The peace lily is among the most famous of all houseplants, and it’s not hard to understand why. It’s easy to grow and hard to kill. It has large, dark, evergreen leaves that grow out in a spray pattern all of which gives the peace lily the “classic houseplant look.” With a good spot and consistent care, you will also get the extra reward of a special white flower bloom, known as a spathe and spadix. Whether you’re starting a new houseplant hobby or adding a new type to your collection, the peace lily is a great choice.
Indoor Size and Growth Habits: Usually medium in size with densely packed stems and large leaves that create a fulsome houseplant.
Light Requirements: 1-3 *
Water Frequency & Soil Moisture: 2-3 *
Potting Mix, Fertilizer & pH: Standard potting mix with light to moderate acidity. Likes but doesn’t need fertilizer.
Humidity & Temperature: Moderate to high humidity and temperatures between 60-80
Toxicity Level: Mild to moderate
Placement: Light, Size, and Décor
Peace lily placement really depends on what you want to get from the plant. If you want an easy-care plant that will survive low-light conditions, this can be a solid choice for places that aren’t in front of a window. Lots of direct sunlight can burn the leaves, but the more indirect light you offer this plant the better it will do.
Though big enough to fill a substantial space, the peace lily is not a climbing vine or tall floor pine. This medium houseplant regularly reaches 1-1.5 feet in height and width. Indoors, the plant can reach upwards of 2-3 feet tall in good growing conditions. Larger peace lily plants will hold their own as floor plants. Smaller peace lilies are perfectly sized for large desks or tabletop centerpiece.
Popular with houseplant enthusiasts, office managers, and pretty much everybody. Home stagers may get peace lilies on a rotating basis from local growers who sell the plants when they’re showing their spadix-and-spathe flowers. A well-placed peace lily can really help a home put its best foot forward. Meanwhile, interior designers can play up the resilient, easy-care nature of the plant.
Care: Water, Potting, and Soil
Peace lilies do best with consistently moist soil, but they are more drought-resistant than many people give them credit for. Even in the winter, this plant is unlikely to go longer than 2 weeks without asking for water. During the summer, it likely wants water at least once a week if not more. Their leaves droop when the soil gets too dry but bounce back quickly after giving the houseplant water.

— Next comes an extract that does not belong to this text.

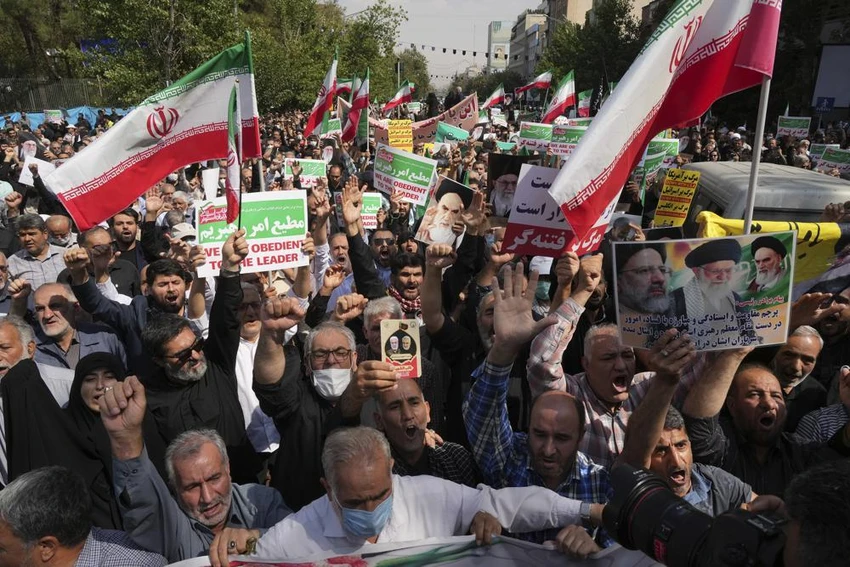 Biểu tình ủng hộ chính phủ ở thủ đô Tehran (Iran) ngày 23-9. Ảnh: AP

Be sure to use pots with good drainage, so you can give the plant regular watering without creating root rot. Alternatively, the peace lily can also be grown in water. The peace lily usually does fine with most standard potting soil mixes. That’s because it likes some moisture content in its soil and a slightly acidic pH between 5.5 and 6.5.
Pests and Other Problems
Healthy peace lily plants rarely experience pest problems, but when they do, the most common culprits are aphids, spider mites, or mealybugs. It’s not uncommon for leaves to dry up or turn yellow for one reason or another. Often, the rest of the plant is fine and will grow new shoots in its place. Serious or pervasive signs of yellowing could be a sign of root rot. It’s a good idea to clean the leaves occasionally or as you notice dust accumulating on leaves. It also doesn’t hurt to check the soil pH periodically.
The peace lily gets a middling grade for toxicity. Don’t confuse this plant with true lilies (which are highly toxic to pets). The peace lily has calcium oxalates that are general skin irritant and may induce vomiting and drooling, but the plant is rarely if a serious health threat to pets or children.
Propagation and Repotting
The peace lily cannot be effectively propagated from leaf cuttings alone. Fortunately, as with many houseplants that have bunched stems that grow from the ground, it’s easy to propagate this plant by division. Simply dig up the plant and divide it into separate sections that you can then replant.
The peace lily generally likes to be snug in its pot but will eventually become pot-bound to the point that it needs repotting. Watch for signs that the roots are starting to poke out of the drainage hole, or the roots have become so tightly packed that it’s hard to remove the plant from its pot. So long as you follow a few basic steps, it’s relatively easy to repot a peace lily plant.
Cost and Availability
In a simple plastic container, a peace lily is more likely going to cost $5-$10 plus delivery fees, or more like $10-$25 from a local plant shop. In a nice ceramic pot, the plant might cost something like $50 or more. When buying them from a store, the plant is more likely to have flowers in bloom.
Similar Types of Houseplants
The peace lily (spathiphyllym) is one branch on the major houseplant family, Araceae, known for its spadix-and-spathe flowers. It’s also one member of the Monsteroideae subfamily, including the popular Monstera houseplant. A different Araceae subfamily, Pothoideae, includes the pothos and anthurium plants. Any of these types of houseplants would be worth considering as an alternative or complement to peace lily plants.